**Task data:**
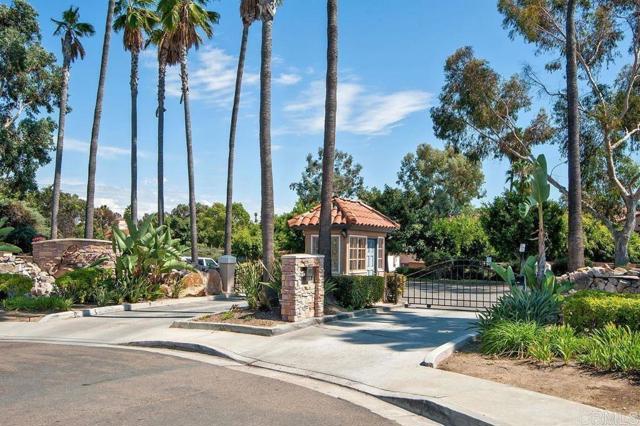 Detail Gallery Image 31 of 32 For 7130 Shoreline Dr #1103,  San Diego,  CA 92122 - 2 Beds | 2 Baths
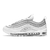 Tênis Nike AirMax 97 "White" 921826-105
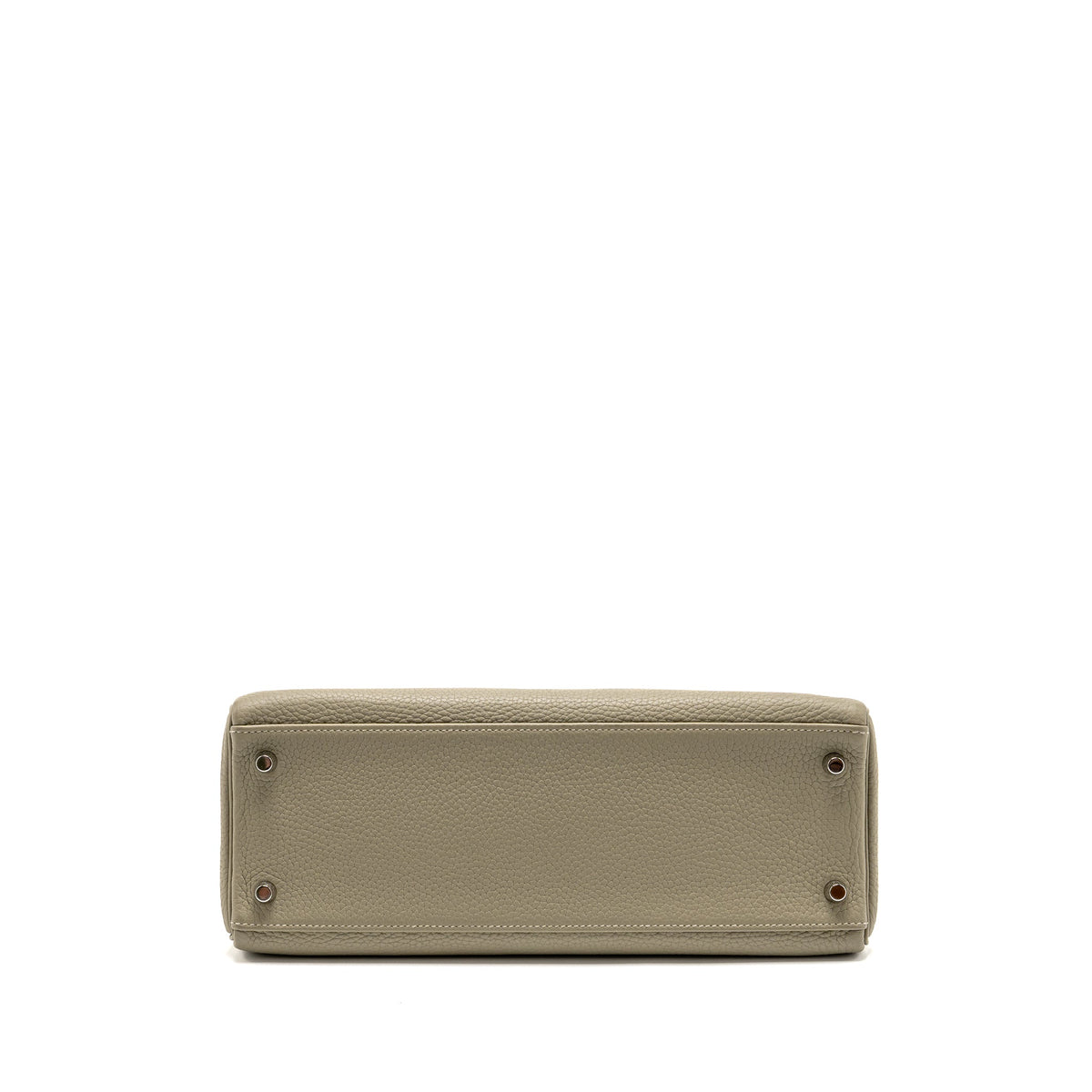 hermes-kelly-32-clemence-q1-sauge-shw-stamp-x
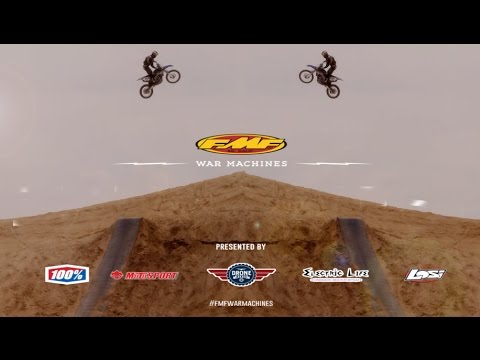 European Motocross pros. Switzerland, Netherlands, New England! VurbMoto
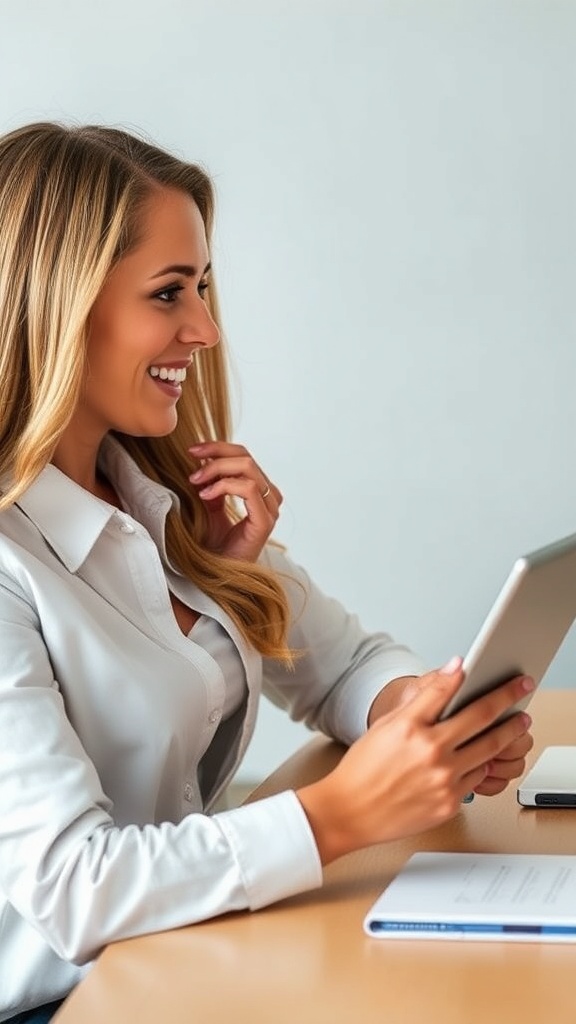 Revolutionize Your Outreach: How Internet Marketing Zoom Transforms Client Engagement and Growth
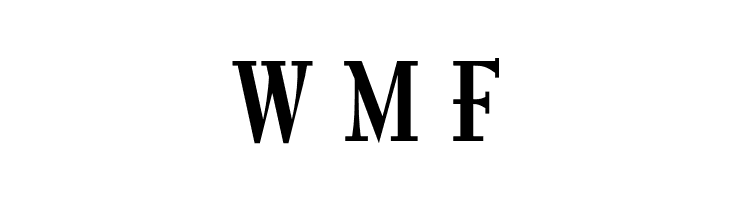 ItingOpti-BoldCondensed  Free Fonts Download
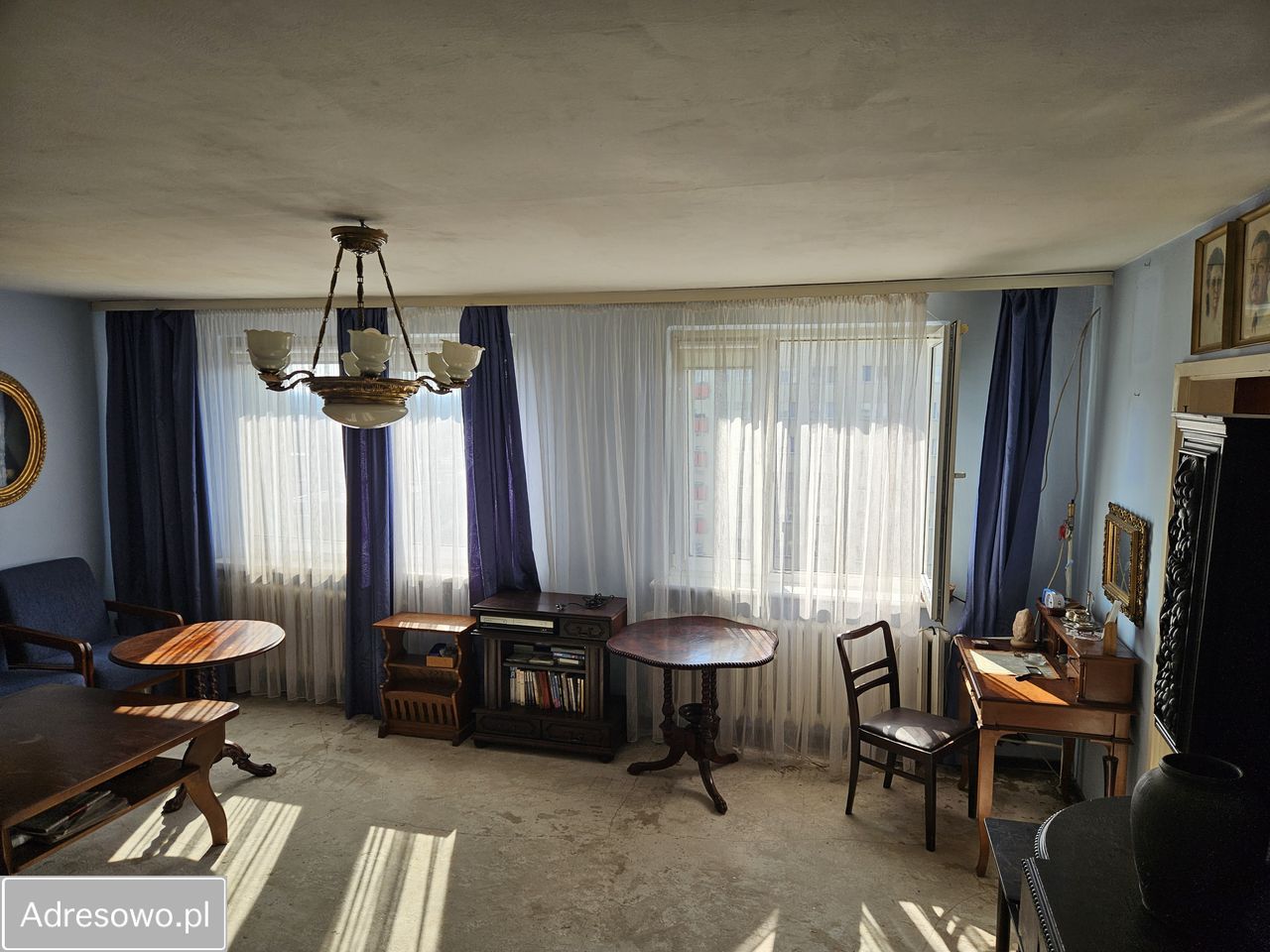 Mieszkanie 3-pokojowe Tychy, al. marsz. Piłsudskiego. Zdjęcie 6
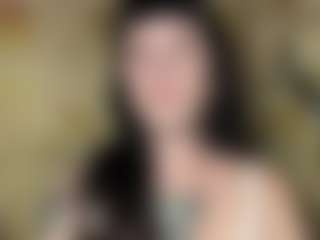 Live cam show with marcelinegoddess - Pinup on Fapmatic.com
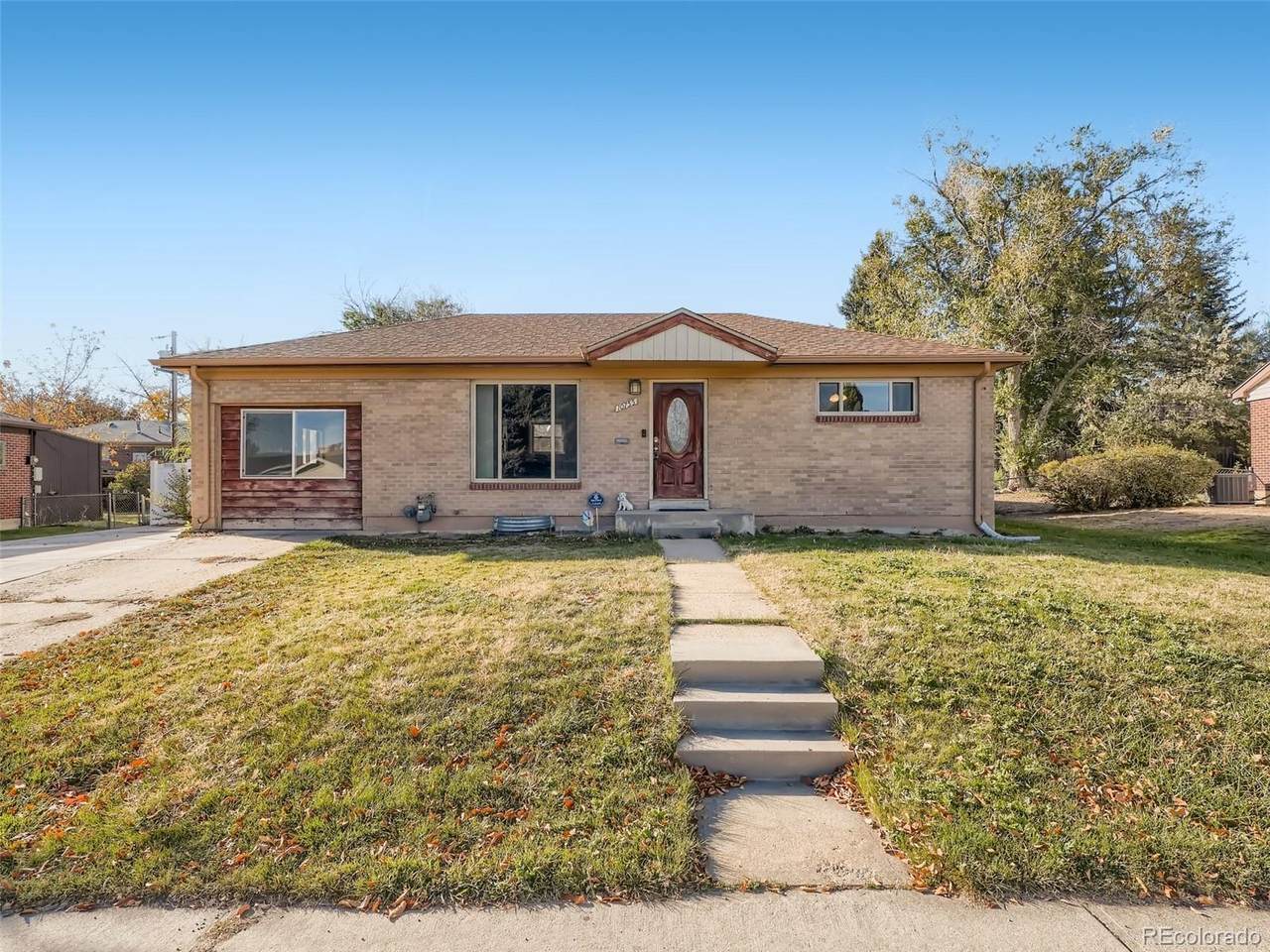 10755 Logan Court - Photo 1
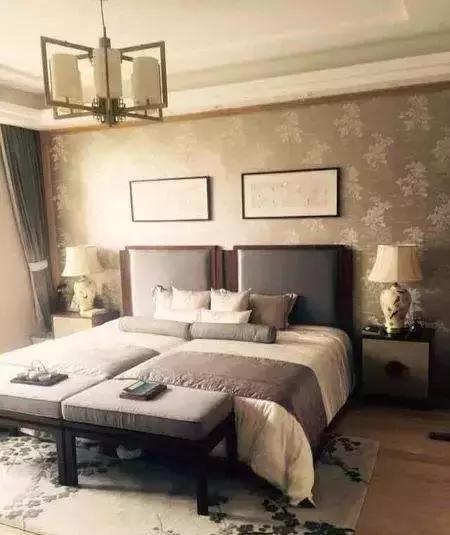 东莞富人区做保姆,东莞富人区别墅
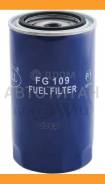 ������ ��������� DAF, Iveco, Kamaz, Nissan, WK95021, WK929X, WK929, 1457431711, F026402030, 1457431703, 1457431727, KX84Doeko, KX84DECO, KC188, C446...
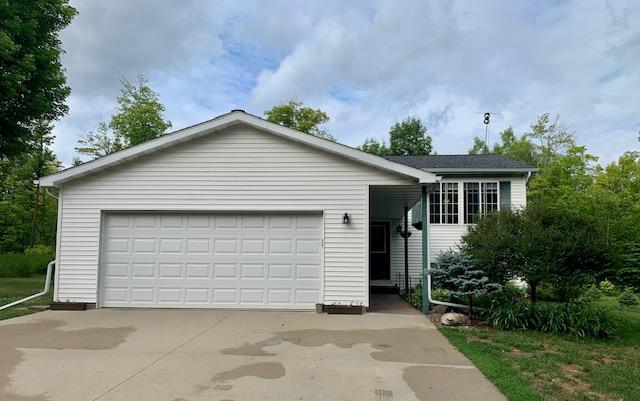 20856 Moose Point Road Grand Rapids, MN 55744 - Photo 1 of 1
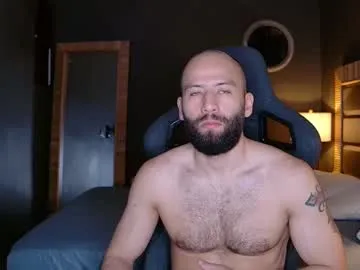 shoma2003 – webcam model profile photo Image 4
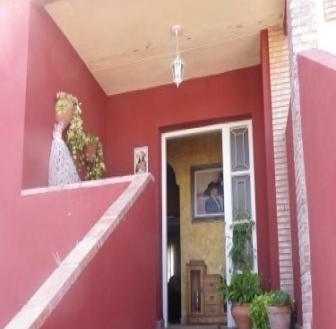 Alhaurin&nbsp;De&nbsp;La&nbsp;Torre&nbsp;property:&nbsp;Townhome&nbsp;for&nbsp;sale&nbsp;in&nbsp;Alhaurin&nbsp;De&nbsp;La&nbsp;Torre&nbsp;172215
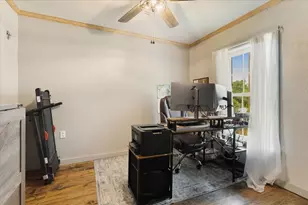 7436 Fm 2729, Van Alstyne, TX 75495 - Photo 18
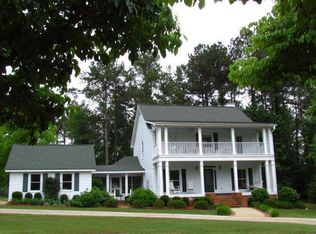 1290 River Cove Rd, Social Circle, GA 30025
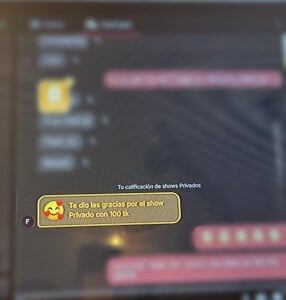 ArielSparkz best tips ✨🫶 Pic 2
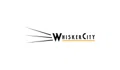 Whisker City Coupons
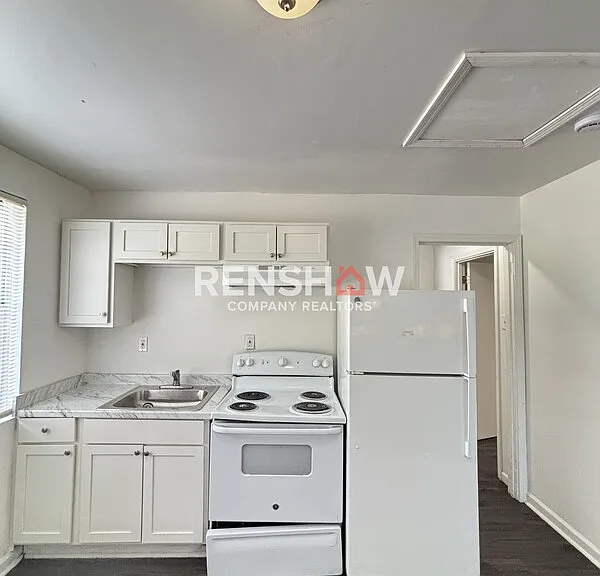 259 Maryland Ave #4 — Photo 7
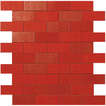 Red MiniBrick (305x305)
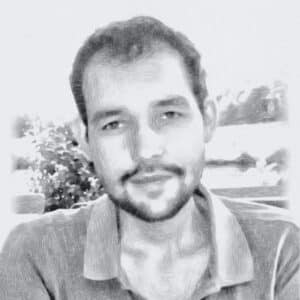 Antoine Dumini
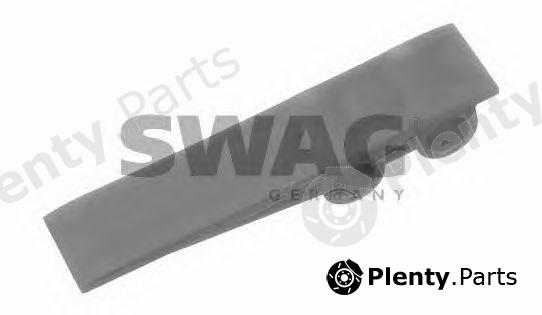  SWAG part 10090027 Guides, timing chain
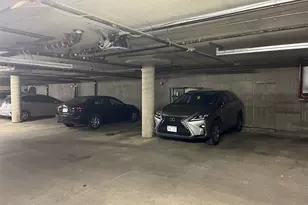 1415 N Washington St, Denver, CO 80203 - Photo 27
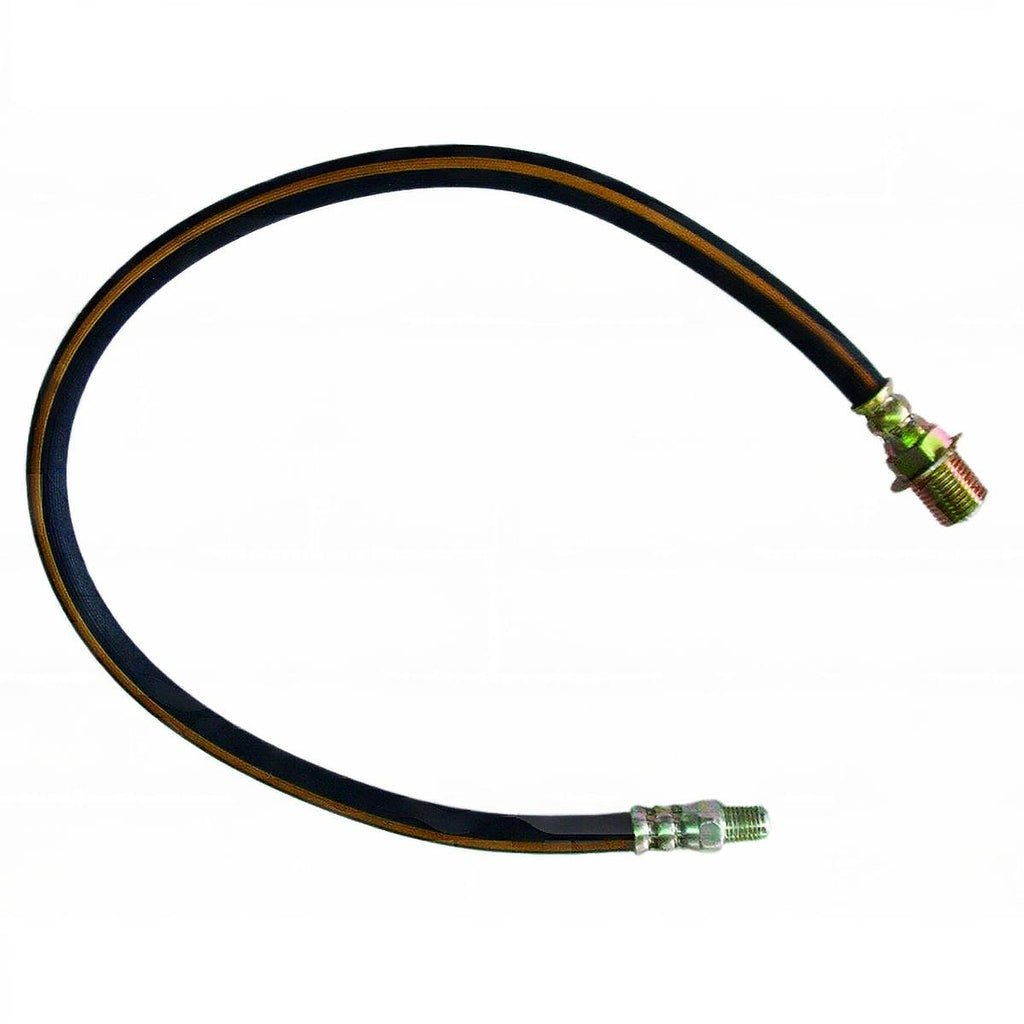 Manguera Hidráulica de Freno NORFLEX NF1024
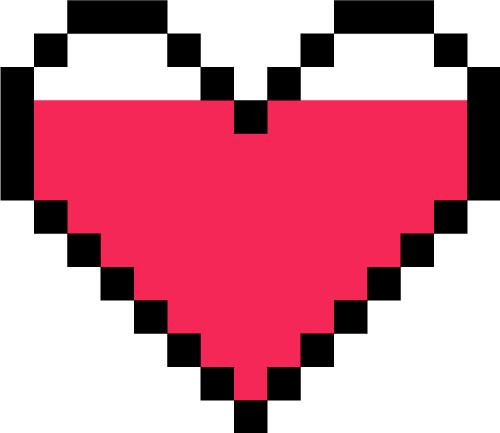 低钠矿泉水和普通矿泉水的区别,高端矿泉水对比纯净水找哪家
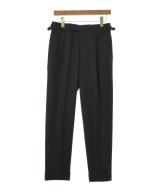 IGARASHI TROUSERS スラックス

**Exercise directions:** The entries above are to be repeated exactly, except for any pictures.

**Answer space:**
 Detail Gallery Image 31 of 32 For 7130 Shoreline Dr #1103,  San Diego,  CA 92122 - 2 Beds | 2 Baths
 Tênis Nike AirMax 97 "White" 921826-105
 hermes-kelly-32-clemence-q1-sauge-shw-stamp-x
 European Motocross pros. Switzerland, Netherlands, New England! VurbMoto
 Revolutionize Your Outreach: How Internet Marketing Zoom Transforms Client Engagement and Growth
 ItingOpti-BoldCondensed  Free Fonts Download
 Mieszkanie 3-pokojowe Tychy, al. marsz. Piłsudskiego. Zdjęcie 6
 Live cam show with marcelinegoddess - Pinup on Fapmatic.com
 10755 Logan Court - Photo 1
 东莞富人区做保姆,东莞富人区别墅
 ������ ��������� DAF, Iveco, Kamaz, Nissan, WK95021, WK929X, WK929, 1457431711, F026402030, 1457431703, 1457431727, KX84Doeko, KX84DECO, KC188, C446...
 20856 Moose Point Road Grand Rapids, MN 55744 - Photo 1 of 1
 shoma2003 – webcam model profile photo Image 4
 Alhaurin&nbsp;De&nbsp;La&nbsp;Torre&nbsp;property:&nbsp;Townhome&nbsp;for&nbsp;sale&nbsp;in&nbsp;Alhaurin&nbsp;De&nbsp;La&nbsp;Torre&nbsp;172215
 7436 Fm 2729, Van Alstyne, TX 75495 - Photo 18
 1290 River Cove Rd, Social Circle, GA 30025
 ArielSparkz best tips ✨🫶 Pic 2
 Whisker City Coupons
 259 Maryland Ave #4 — Photo 7
 Red MiniBrick (305x305)
 Antoine Dumini
  SWAG part 10090027 Guides, timing chain
 1415 N Washington St, Denver, CO 80203 - Photo 27
 Manguera Hidráulica de Freno NORFLEX NF1024
 低钠矿泉水和普通矿泉水的区别,高端矿泉水对比纯净水找哪家
 IGARASHI TROUSERS スラックス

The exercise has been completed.